Published by Minyanville
The 2012 election campaign has kicked off in Mexico as Finance Minister Ernesto Cordero handed in his resignation in order to seek his party’s nomination for president next year. Former Energy Minister José Antonio Meade took over the post, in what analysts are suggesting should be a seamless transition. The resignation had been expected for some time and many feel that 2012 budget negotiations will now be able to begin in earnest.
Cordero belongs to the governing National Action Party, or PAN. The 43-year-old must convince members to choose him as their presidential candidate and then close the gap on the opposition Institutional Revolutionary Party’s (known as PRI) strong lead.
The PAN’s lack of support at the moment stems from President Felipe Calderón’s war on drugs, which has killed more than 42,000 since he came into power in December 2006, with figures rising year-on-year. The PRI ran Mexico for more than 70 years, ending their reign in 2000. The party’s Enrique Peña Nieto is the man most likely to succeed Calderón in next year’s vote.

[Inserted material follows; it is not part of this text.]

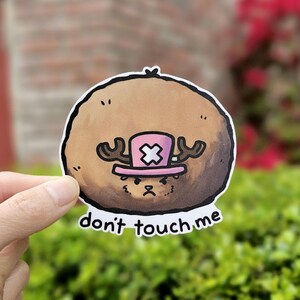reindeer sticker saying "don't touch me"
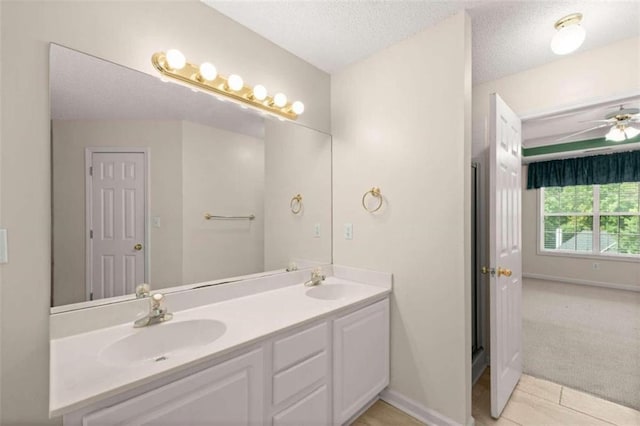 bathroom featuring ceiling fan, vanity, and a textured ceiling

The 42-year-old Meade is a trained economist and comes from a well-connected political family. “Meade has a long track record in the ministry,” Carlos Ramirez, an analyst at Eurasia Group, told Reuters. “He is an excellent negotiator, he is well known in the financial community, he has excellent contacts everywhere, particularly in the Central Bank where he is very close to (its governor, Agustín) Carstens, and he has always proven to be an effective policymaker. There will be no learning curve.”
Minutes of the Central Bank’s August meeting, released last week, show that the board unanimously agreed that future events may force is to cut its benchmark rate from 4.5%, but they were split as to whether to make that known to the financial markets and investors. Concern that such a large gap in interest rate with the United States could hurt the domestic economy worries some members of the board, while others put more weight on continued weakness in the peso, which is down more than 6% since the end of July.
The currency is currently at its weakest level in more than a year, above 13 pesos to the US dollar for the first time since last September, thanks to Europe’s ongoing sovereign debt crisis. The problems across the Atlantic are hitting much of Latin America, with Brazil’s real suffering significantly (see European Crisis Hitting Brazil Economy Hard).
Mexico is still keen to step up overseas borrowing next year, after this year’s $3 billion injection—more than any other Latin American nation. Congress is being asked to boost net external debt by $7 billion next year. The country has sold $15 billion worth of bonds outside its local market since 2009, more than double the same figure for the previous three years. During that same period, Brazil cut its sales 12%.
Local Businesses Face Brunt of Drug War Violence
The casino fire in Monterrey at the end of last month refocused attention on the country’s war against drugs, which will no doubt feature heavily in the next year’s election campaigning. Investigations have revealed that extortion was involved. The owner of the casino had received extortion threats, with demands of $50,000 and then $140,000, though refused to pay, according to a federal prosecutor.
While the murder rate has doubled during Calderón’s tenure, many foreign companies are insisting that they are not being hit by the problems. Rather it is smaller and local companies that are suffering threats and violence. The Financial Times cites Nestlé, which claims it has seen “no significant change” in hijackings or theft of goods vehicles in Mexico and it has therefore not felt the need to increase its security budget.
“The reality is that foreign companies have not been affected much by the drugs war,” Adam Thomson writes in the London paper. “It is much harder to extort a large, relatively faceless foreign company with headquarters outside Mexico than it is a local family-owned business ... It is a story heard time and time again. But given how the drugs war seems to dominate headlines about Mexico, it is a story worth repeating.”
Industrial Output Up
August auto production was up 7.7%, compared to the same period in 2010. However, a struggling US market failed to soak up imports which, overall, fell 3.3% in Mexico. The crisis in the US is a worry for Mexico as 80% of its exports head north of the border.
There was good news too for Mexican industrial output, which was up 0.5% in July compared to June, thanks in part to the auto industry. However, analysts expect figures to slow as the US economy drags down growth in Mexico.
AeroMexico saw August traffic up 17%, again from the same period in 2010, thanks primarily to a jump in international bookings, according to the airline. July saw a 32% increase in traffic, compared to the same month in 2010. The airline has also benefited hugely from the demise of rival Mexicana.